Corpus of Dialects of the Slovak National Corpus

We started to prepare the Corpus of Dialects of the Slovak National Corpus (hereinafter referred to as CD SNC) in 2013. The aim of the initial phase is to gather existing dialect audio recordings or handwritten transcriptions, in particular those already published, to process them in the way using a corpus methodology and tools and make them available for research.

The new version dialekt-2.0 containing 328 907 text units was made accessible in August 2015. As compared with the previous version, the corpus has been supplemented with a number of processed texts coming from the monographs mapping the Slovak dialect areas.

CD SNC is not lemmatised nor morphologically annotated. User can browse the corpus by searching for a word or using CQL. The transcribed texts contain sociolinguistic metadata about respondents, informants, origin and content of record. User can access the corpus through web interface NoSketch Engine, but he/she must register for an account.

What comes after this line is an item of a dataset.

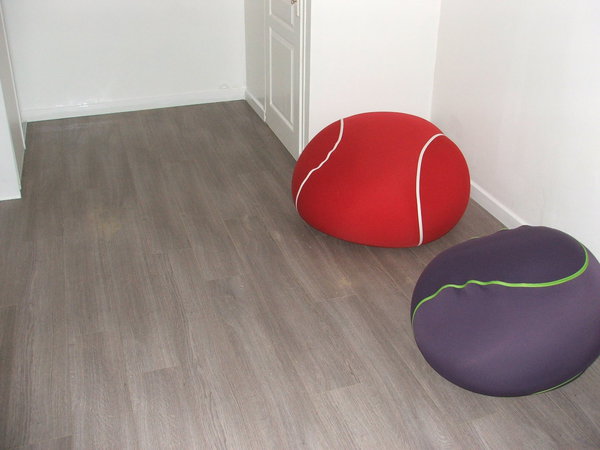 Une fois posées, les lattes de stratifié apporte un style contemporain à la pièce et une très grande facilité d'entretien.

A specialized virtual keyboard named SNK-DIALEKT with the special characters used in the transcriptions is available in the NoSketch Engine interface since the version dialekt-2.0. The corpus also includes several specific values.

Version 1.0

The beta version was prepared in March 2014. The version dialekt-1.0 containing 73 855 tokens released in September 2014 was included into the publicly available sources of SNK. It includes a number of already published texts and the texts provided by the Department of Dialectology of the Ľ. Štúr Institute of Linguistics of the Slovak Academy of Sciences.